Spend at least 1% of global revenue on cybersecurity
Secondly, for organizations that want me to be confident about their approach, I want to know just how much they spend on their cybersecurity, preferably expressed as at least one per cent of their total revenue.
It is no secret that mega breaches can cost companies hundreds of millions of dollars and force them to lose substantial percentages of their share value. In my experience, getting security to the right level on business-critical technologies can often involve expenditure at a rate that is close to the cost of the technologies themselves. Effectively, take the cost of the most vital technology that an organization needs to secure, and add on the same amount again. Frightening, isn’t it?
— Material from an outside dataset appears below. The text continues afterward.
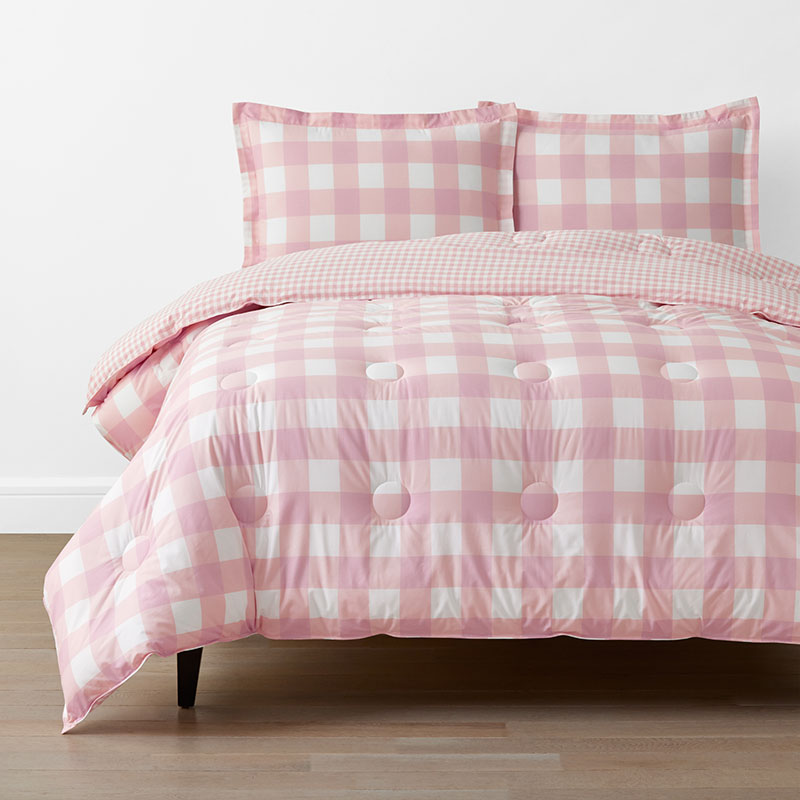 Big Check Classic Cool Organic Cotton Percale Reversible Comforter Set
You might think the approach of matching tech spend with security spend is excessive, but think about it: between obtaining the right security advice, the security architecture, securing configurations, security testing, security gateways, anti-malware, data loss prevention, real-time security detection and alert and response capabilities, security gets expensive – and that is a major reason for many of the problems that are out there.
Most organizations understand that they need to spend at least 0.5-1% of revenue (or more) on managing their financial function – and the purpose of the finance function is to keep the money under control.
In the digital age, information and technology are a vital currency, and the cybersecurity function is the area that has the task of keeping those components secure.
DevSecOps and Security by Design
From my own experience, which includes running eight-digit cybersecurity budgets, executives still want to hear that appropriate security can still be achieved as an afterthought, as though it is a paint that can be applied at the end.
As an example, any organizations running out-of-date or unsupported software know they cannot keep those items secure without effectively disconnecting them ... preferably at the mains. Why would they keep running those systems, and what self-respecting infosec professional wants to try to apply security to them?
Whenever I have scratched the surface of any organization that has complained about having difficulty attracting or retaining cyber talent, it always turns out that they have a shockingly sub-standard approach to security. In many cases, those organizations are trying to hire the wrong skills into an under-resourced team to work on out-of-date technology. It should come as no surprise that good staff don’t want to work in those places.
Organizations that are effectively rolling out security by design, implementing what is widely referred to as a DevSecOps approach, are those who are becoming hard targets for hackers to compromise.
In summary then, if you want to know how to get cybersecurity right in 2019, make sure your organization has an effective CISO, reporting into the CEO, spends at least 1% of its revenue on cybersecurity, and is actually embracing the need for all of the critical technology to be based on implementing security by design throughout its lifecycle. That is the only kind of company I would consider working for – and there are still too few of them.